-- What to produce --
Take the data below and extract the lines from the one with "Women's Lane Bryant" to the one with "Telshor LED Outdoor", inclusive, exactly as written.

-- Information --
******

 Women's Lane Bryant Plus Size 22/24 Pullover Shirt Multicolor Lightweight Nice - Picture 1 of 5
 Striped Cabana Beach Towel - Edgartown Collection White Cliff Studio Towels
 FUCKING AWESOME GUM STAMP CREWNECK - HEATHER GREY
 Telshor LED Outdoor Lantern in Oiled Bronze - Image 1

******

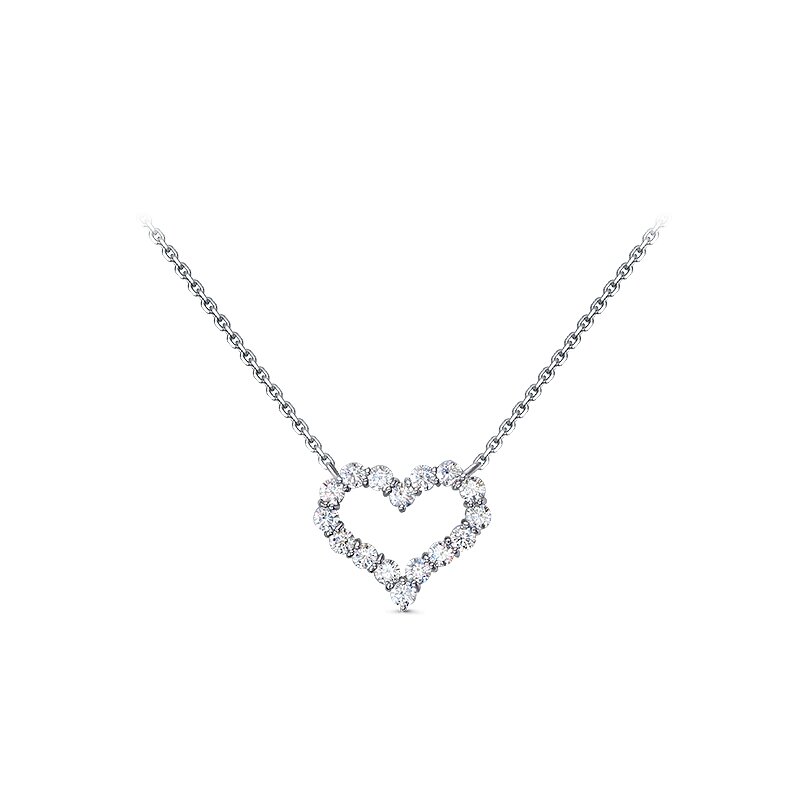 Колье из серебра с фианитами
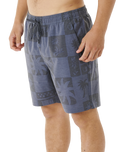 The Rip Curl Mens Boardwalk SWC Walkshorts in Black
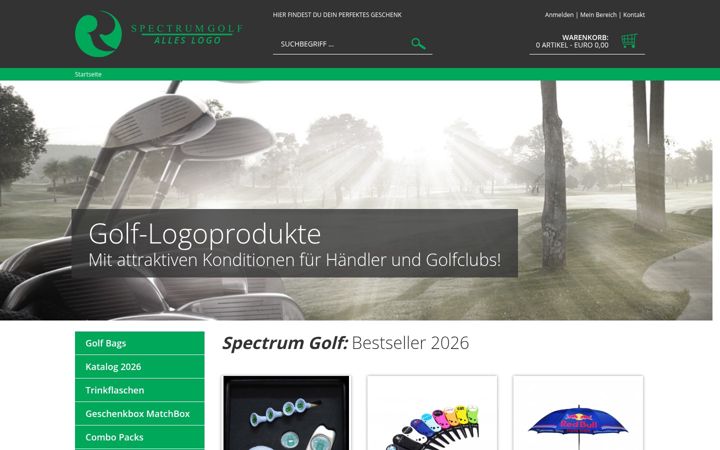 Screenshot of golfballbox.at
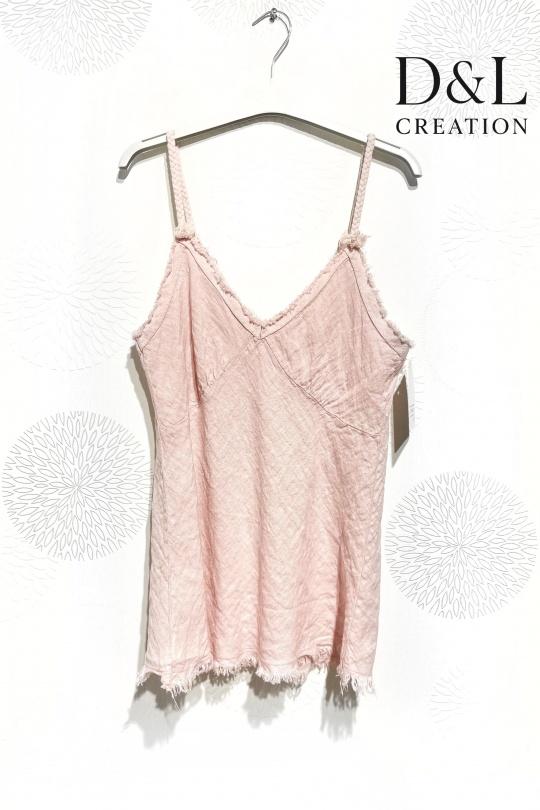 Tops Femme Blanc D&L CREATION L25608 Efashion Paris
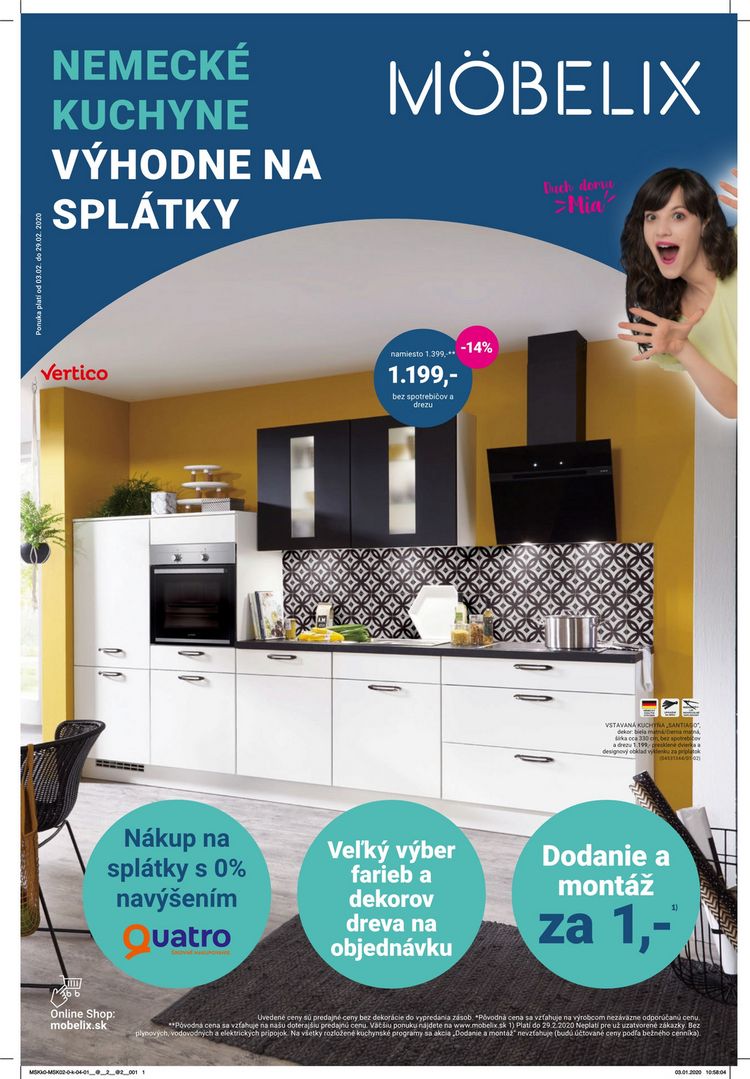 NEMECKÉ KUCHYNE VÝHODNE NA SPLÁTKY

******

-- Solution to the problem --
 Women's Lane Bryant Plus Size 22/24 Pullover Shirt Multicolor Lightweight Nice - Picture 1 of 5
 Striped Cabana Beach Towel - Edgartown Collection White Cliff Studio Towels
 FUCKING AWESOME GUM STAMP CREWNECK - HEATHER GREY
 Telshor LED Outdoor Lantern in Oiled Bronze - Image 1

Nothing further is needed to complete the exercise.